A few career and life lessons from my last job in Italy

A few career and life lessons from my last job in Italy

5 years ago I was in Italy for my third job in that country in less than 10 years. I love Italy, and really enjoyed Turin. It’s a great city with beautiful architecture, nice, contrasted weather with cold winters (after all they held Winter Olympics there in 2006) and hot summers. The food is great, there are a lot of art galleries and museums, and the people are friendly.

Yet in February 2007, I was six months into the job, and utterly miserable.

You see, when I accepted the role, I thought it would be easy. After all I was ready for a Director job, I was an expert in Compensation & Benefits in the EMEA region, and I had alreay worked twice in Italy. So I looked forward to the “International” aspect of my new job, being exposed to countries like India and China, and having a chance to make a difference into my new organisation.

Well, it turned out that I was wrong. It was not easy. My previous experiences were in multinationals, and there, I was working for an italian company. The culture was very different, much slower in decision-making, with lots of bureaucracy, a heavily hierarchical (and male-dominated) structure, and a lot of resistance to any form of change in HR.

For example, the company’s vision of Compensation & Benefits was focused on 2 aspects : international mobility for executives, and “costo del lavoro”, which is the italian word for calculating labour costs. We had to endlessly compute these costs, on an hourly, daily, weekly, monthly and annual basis – and to be honest, it was a nightmare. We would spend hours producing these labour costs, only to be – each time – told that our numbers did not match those produced by Finance, and we had to find a way to make our numbers match.

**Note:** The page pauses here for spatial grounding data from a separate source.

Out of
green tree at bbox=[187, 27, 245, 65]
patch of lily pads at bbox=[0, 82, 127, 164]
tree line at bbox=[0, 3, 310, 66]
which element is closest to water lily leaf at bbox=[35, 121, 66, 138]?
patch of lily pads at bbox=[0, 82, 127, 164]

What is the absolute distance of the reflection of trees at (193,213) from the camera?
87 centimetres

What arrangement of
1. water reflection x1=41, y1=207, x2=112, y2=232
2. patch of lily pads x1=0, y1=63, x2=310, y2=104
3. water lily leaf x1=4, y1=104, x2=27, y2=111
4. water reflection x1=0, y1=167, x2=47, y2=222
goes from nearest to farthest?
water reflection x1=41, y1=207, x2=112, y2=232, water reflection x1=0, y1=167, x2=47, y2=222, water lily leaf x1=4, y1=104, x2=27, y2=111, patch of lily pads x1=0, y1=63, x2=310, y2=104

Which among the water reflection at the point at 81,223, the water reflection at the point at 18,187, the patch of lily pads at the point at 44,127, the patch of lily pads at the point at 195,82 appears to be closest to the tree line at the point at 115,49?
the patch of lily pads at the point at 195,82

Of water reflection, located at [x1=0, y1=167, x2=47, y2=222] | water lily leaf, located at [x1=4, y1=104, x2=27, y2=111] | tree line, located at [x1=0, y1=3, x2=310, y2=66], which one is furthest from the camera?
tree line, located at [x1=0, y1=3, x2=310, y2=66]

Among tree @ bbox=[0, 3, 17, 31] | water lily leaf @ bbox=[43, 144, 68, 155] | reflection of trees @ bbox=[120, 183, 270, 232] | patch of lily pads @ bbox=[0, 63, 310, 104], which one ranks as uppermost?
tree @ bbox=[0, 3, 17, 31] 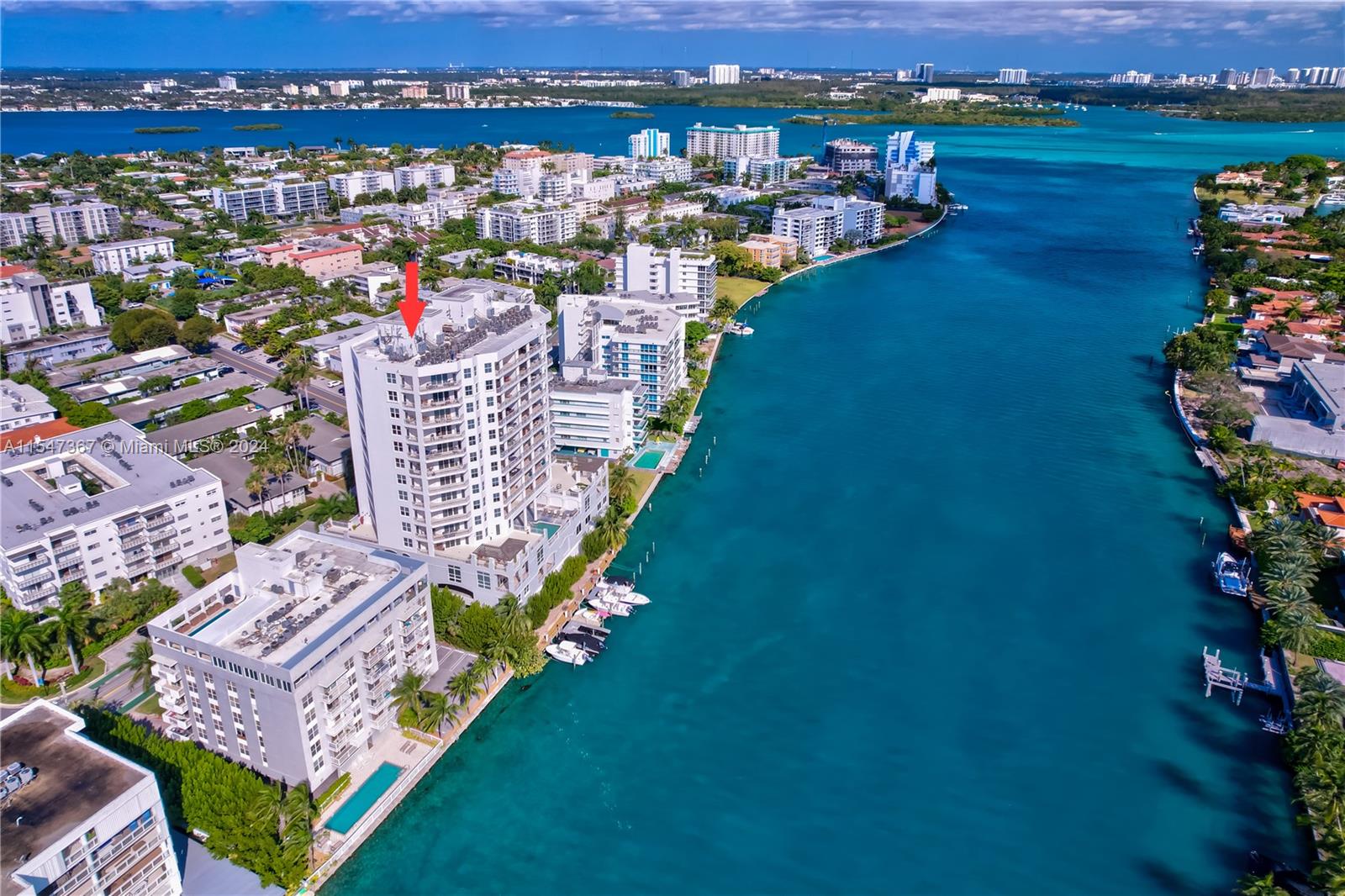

I did consistently suggest that, if Finance numbers were the “right” ones, why did we waste our time duplicating the effort and then manipulate our data in order to come to the same result ? We could simply use the Finance results and free a lot of HR time to focus on more value-adding activities. Not that we were lacking in challenges ! But every time, I was told that we couldn’t change anything, because “things have always been done that way here”.

The workload was ridiculously high, with no recognition. Every day, my values were challenged. I was asked to do things I fundamentally disagreed with. The Group CEO is someone quite famous for getting results and engineering a true turnaround in the company. Internally, he was mostly (in)famous for leading by fear, shouting at people, and had a reputation of letting go one top executive at every quarterly meeting – a reputation that was only slightly overstated.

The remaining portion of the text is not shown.